Why brokers have a crucial role to play in preventing fraud
Brokers can take practical steps to support counter-fraud initiatives and protect customer premiums
Despite brokers becoming more sophisticated in fraud prevention, the fight against insurance fraud is a constant battle. However, there are some practical steps that can be taken to support counter-fraud initiatives and protect customer premiums.
Discover how Zurich is clamping down on fraud
According to the Association of British Insurers, around £2 billion in general insurance claims go undetected each year, which adds around £50 to the insurance premium costs of each UK policyholder.

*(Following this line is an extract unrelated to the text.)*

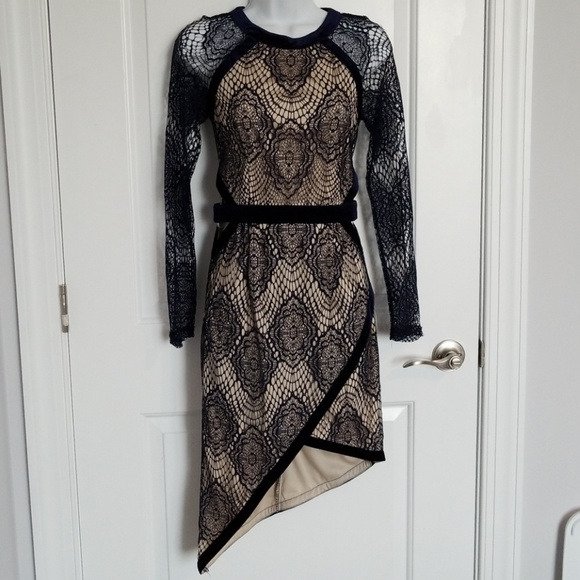 Lace Overlay Assymetrical Dress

While a recent survey of UK brokers conducted by Zurich found that the vast majority (84%) believed that insurers could do more to help them tackle fraud at the quote stage. Over two-thirds (68%) of the 171 brokers who responded to the Zurich survey thought application fraud was a growing issue, while almost a third (32%) were not currently doing anything to prevent it*.
And as part of an industry-wide drive, Zurich is encouraging brokers to remain vigilant, especially at the point of application.
"We recognise the great work that our brokers already do and we want to help in any way that we can," said Alanda Reynolds, Head of Underwriting Fraud at Zurich.
"We're working with brokers to identify policies that we might want to take a second look at due to missing or possibly inaccurate information."
Once we have identified the policies that need to check, we will look to our brokers to get the information we need to help with the underwriting of that risk.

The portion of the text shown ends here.